In his voluminous gatherings of quotations for Poetry Ireland Review, afterwards collected in two separate volumes, by Poetry Ireland and later by Bloodaxe Books, one finds an astonishing range of responses to the subject of poetry, drawn from an astonishing range of publications (only Dennis seemed to keep an eye on everything from Esquire to the Financial Times to The Northside People). Here it is as if Dennis is reminding us, and himself, just how large and varied is the world of poetry, though most of us write it, or read it, on our own, in a place where certainty and power are, at best, replaced by guesswork and luck. One such quote that seems to say something significant as I write is from the Austrian writer Karl Kraus. 'A poem is good until one knows who wrote it.' Dennis's work, in so many ways, was an argument against that easy, reactionary impulse most of us have been guilty of at one time or another, a tendency to withdraw from he world, to blame the world, to dismiss the world for not being different or better or more favourably disposed towards our genius. Dennis knew all about poets, could talk for hours without notes on almost anyone, on any movement, and yet in the end it was the poems he read, the poems he was drawn to, sometimes despite those who had written them.

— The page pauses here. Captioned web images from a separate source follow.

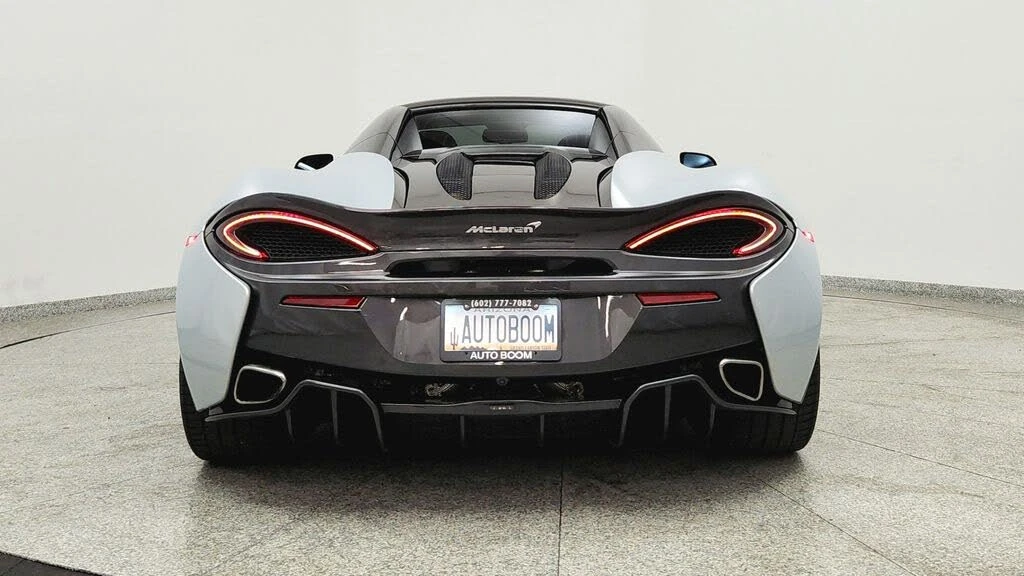 2019 McLaren 570S Spider - Image 4 of 31
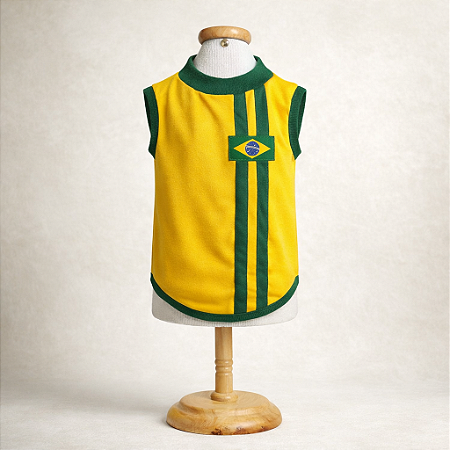 CAMISETA ENCANTO BRASILEIRO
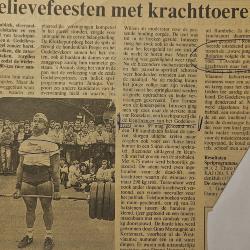 Godelievefeesten met krachttoeren à la [...], 4 juli 1989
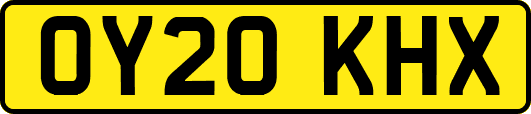 OY20KHX
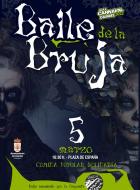 Carnaval - Baile de la bruja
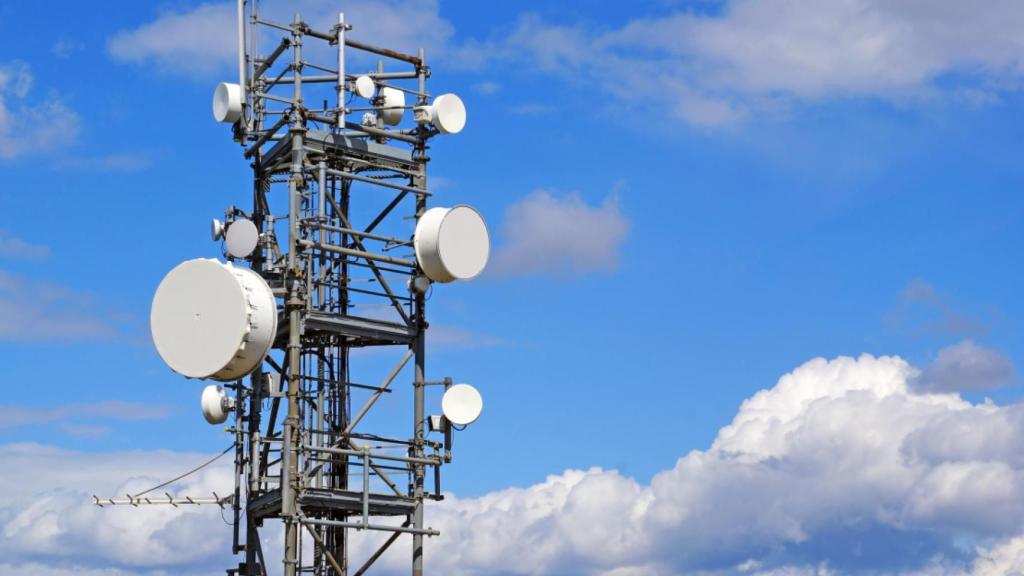 Estación de Comunicaciones por Satélite de Buitrago del Lozoya
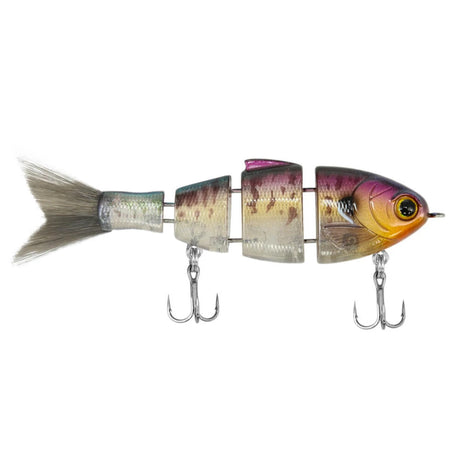 Bucca Brand Lil Baby Bull Shad Swimbait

In that sense he had earned the right to be hard on even his favourite poets, as he was on the Polish Wislawa Symborskza when I first mentioned her to him ("… not all good … she can be very uneven …” or words to that effect, and then on into specific details), or was in print on Tomas Transtromer, the Swedish Nobel Laureate whose works often explores the realms of sleep and dream, and often with great beauty. "The frontier at which calmness of tone edges into inertness of style is one at which his readers are likely to join the author involuntarily at one of his near-sleep experiences," Dennis writes in Troubled Thoughts, Majestic Dreams, separating, yet again, the poems from the poet, and attempting, as ever, by his honesty, to be fair to both in the process.

Dennis is greatly missed, the man and the poet, the critic and the correspondent. The poems cited above, and others, are already classics. The depth and range of his reading, his passion, enthusiasm and advocacy for poetry are unmatched in contemporary criticism in the English language. His forthcoming second volume of prose (due from the Gallery Press, Sept. 2013) will be doubly precious to his many readers and friends, not as some memento mori but as proof of the ability of a fine mind and fine words to find a new life of their own.